### Material to process
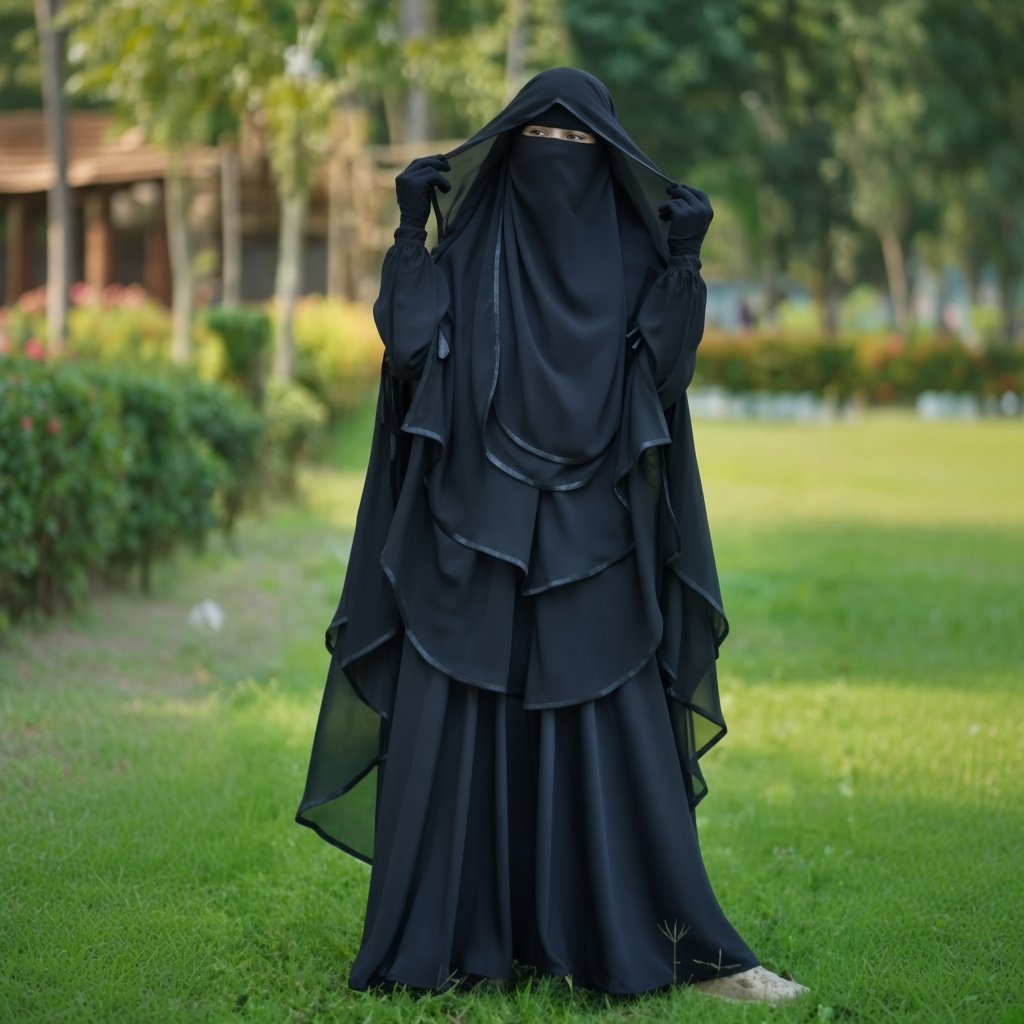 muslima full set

...

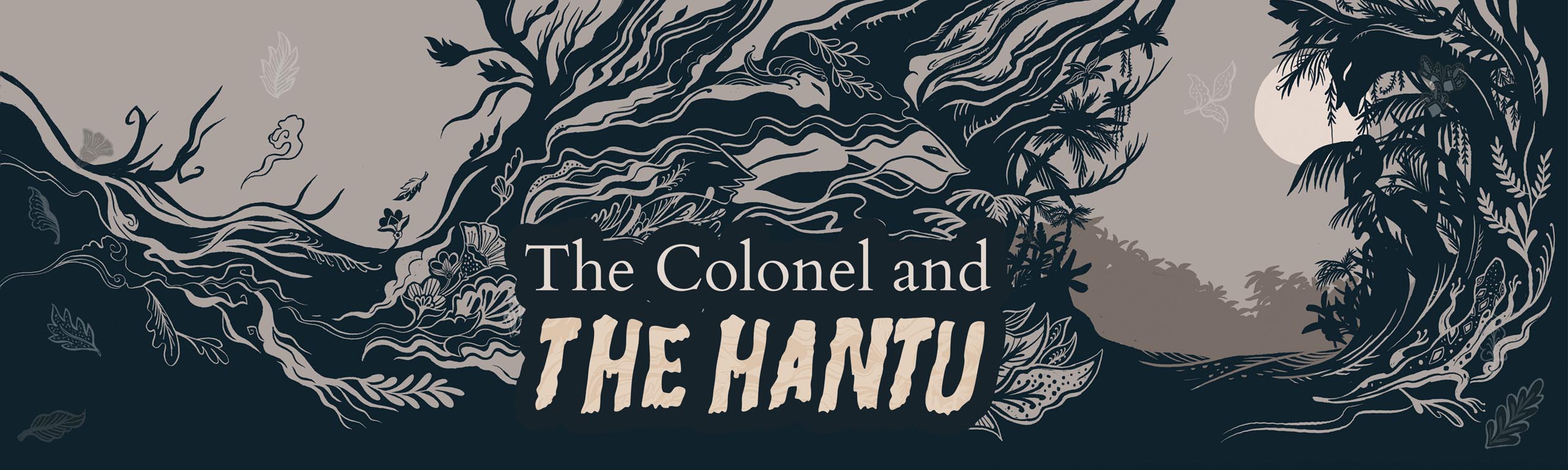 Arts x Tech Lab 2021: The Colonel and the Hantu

==

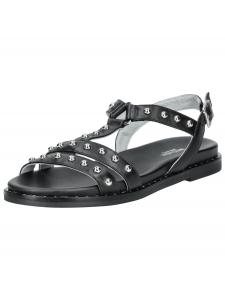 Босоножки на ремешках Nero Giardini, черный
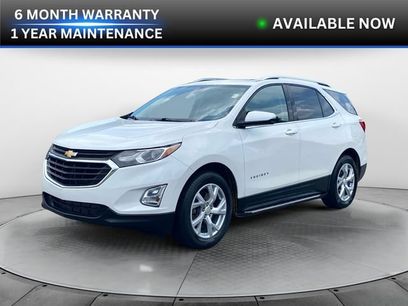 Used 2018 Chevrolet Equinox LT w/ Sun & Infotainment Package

### Task to carry out
Copy word for word the lines of the records above from the one with "Босоножки на ремешках Nero Giardini, черный" up to and including the one with "Used 2018 Chevrolet". Skip the pictures.

### Your solution
 Босоножки на ремешках Nero Giardini, черный
 Used 2018 Chevrolet Equinox LT w/ Sun & Infotainment Package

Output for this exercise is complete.